## WHAT TO WORK ON
Taking the line with "Heavy Duty Air" as the first and the line with "Fisker Karma Karma" as the last, set down the lines below exactly, pictures excluded.

## WORKING DATA
++++++++++++++++++++

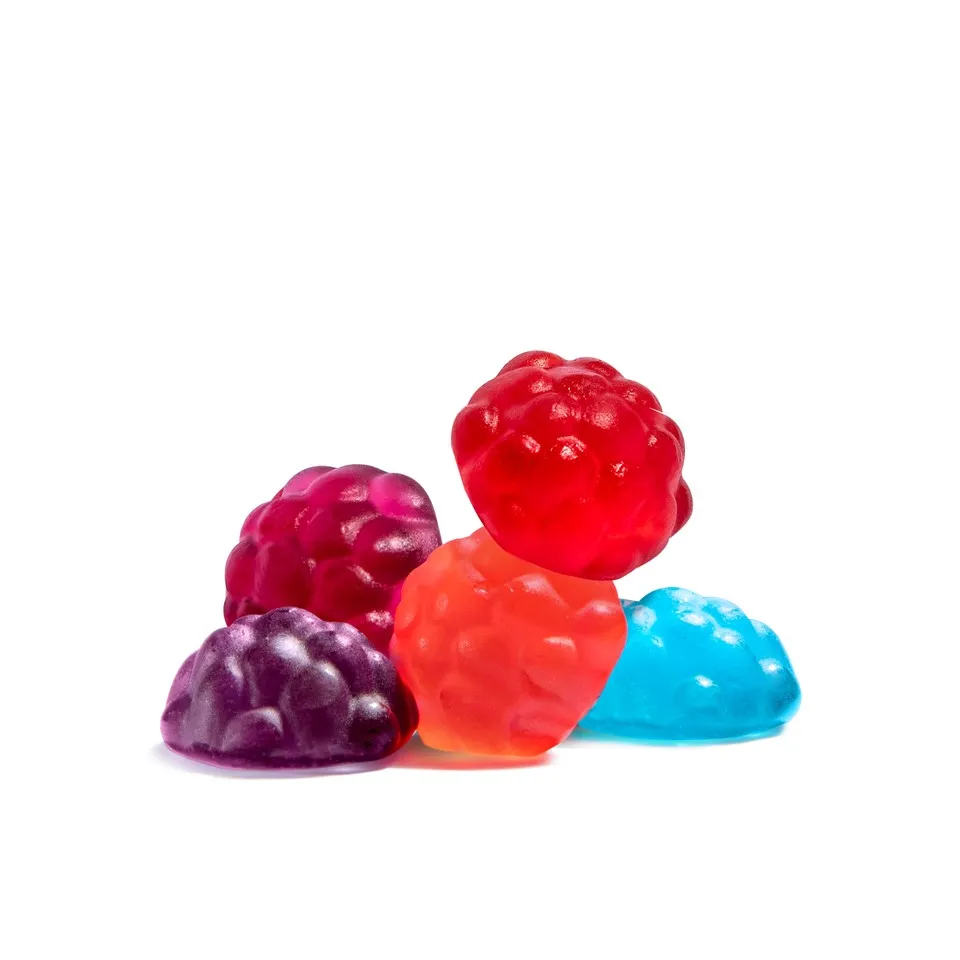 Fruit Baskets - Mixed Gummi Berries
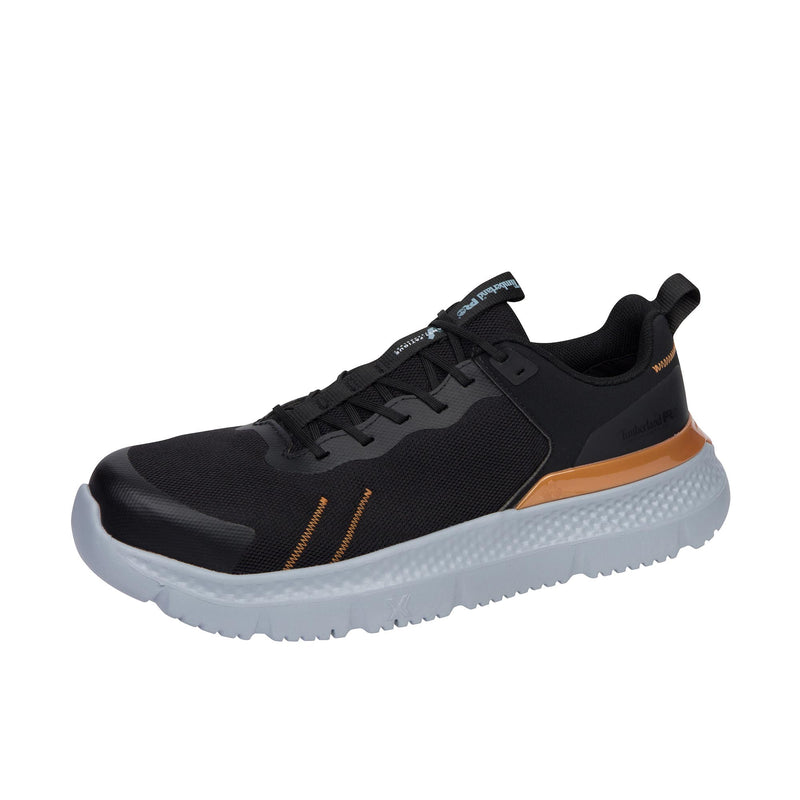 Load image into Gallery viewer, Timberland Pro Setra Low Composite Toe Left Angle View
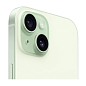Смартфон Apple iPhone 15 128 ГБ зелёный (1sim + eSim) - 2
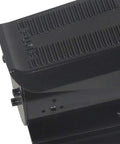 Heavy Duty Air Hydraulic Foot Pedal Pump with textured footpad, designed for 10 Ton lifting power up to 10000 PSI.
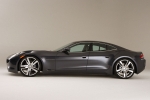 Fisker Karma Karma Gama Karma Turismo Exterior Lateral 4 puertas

++++++++++++++++++++

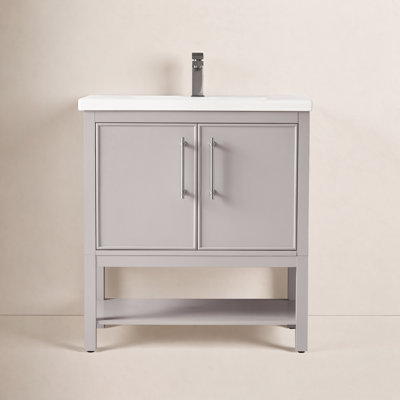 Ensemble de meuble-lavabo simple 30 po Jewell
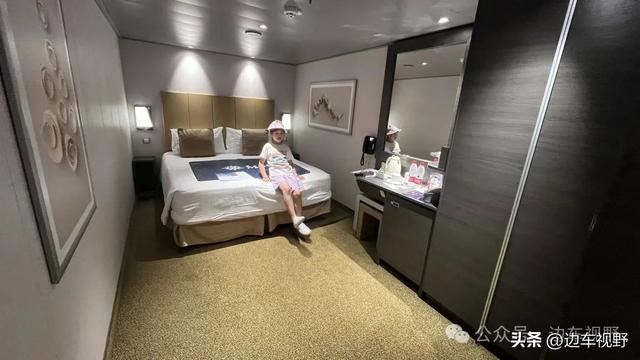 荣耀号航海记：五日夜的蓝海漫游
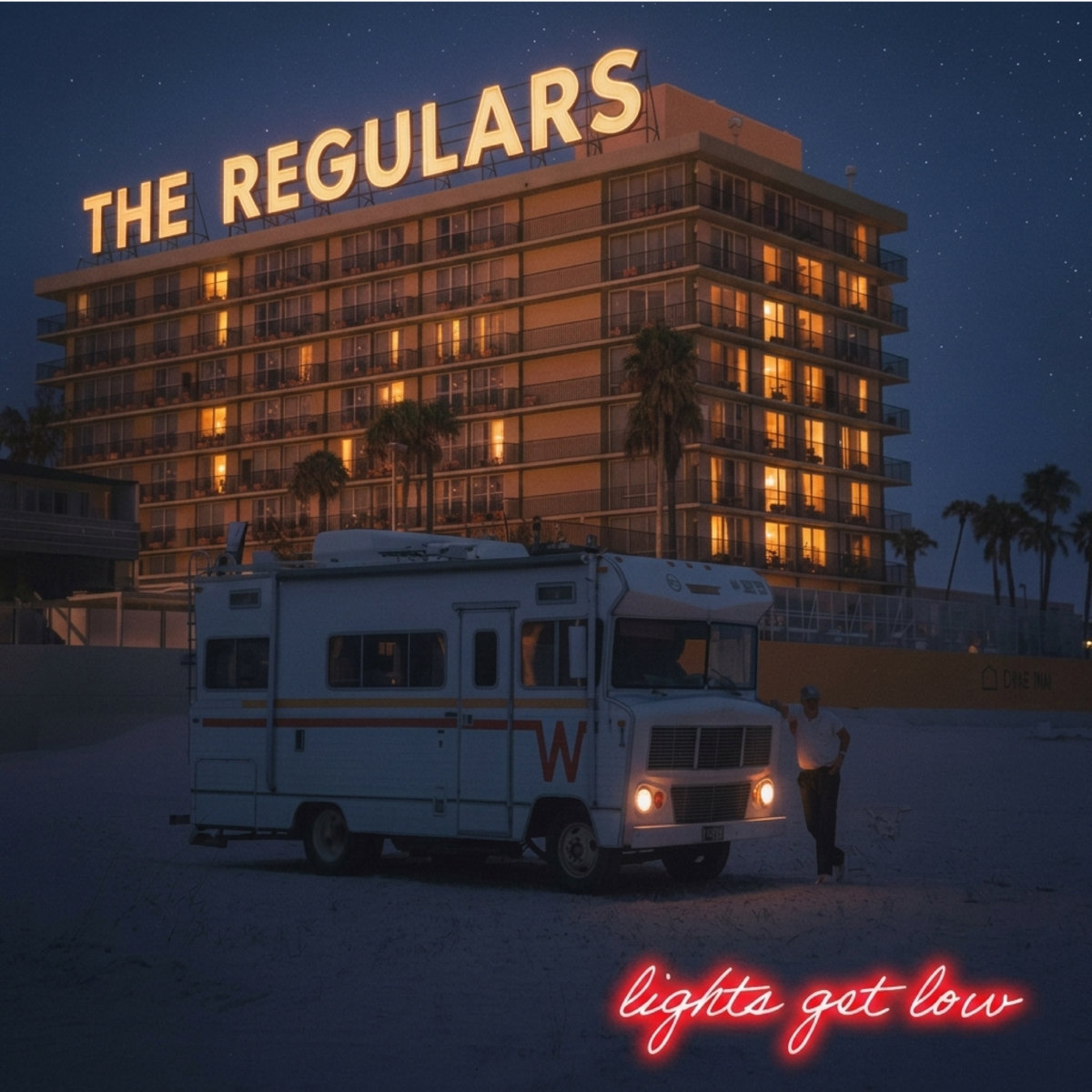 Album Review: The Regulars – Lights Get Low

++++++++++++++++++++

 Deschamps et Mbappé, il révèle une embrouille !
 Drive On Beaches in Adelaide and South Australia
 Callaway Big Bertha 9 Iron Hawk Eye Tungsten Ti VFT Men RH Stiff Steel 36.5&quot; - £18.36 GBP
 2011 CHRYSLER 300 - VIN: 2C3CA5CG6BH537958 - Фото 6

++++++++++++++++++++

## SOLVED EXERCISE
 Heavy Duty Air Hydraulic Foot Pedal Pump with textured footpad, designed for 10 Ton lifting power up to 10000 PSI.
 Fisker Karma Karma Gama Karma Turismo Exterior Lateral 4 puertas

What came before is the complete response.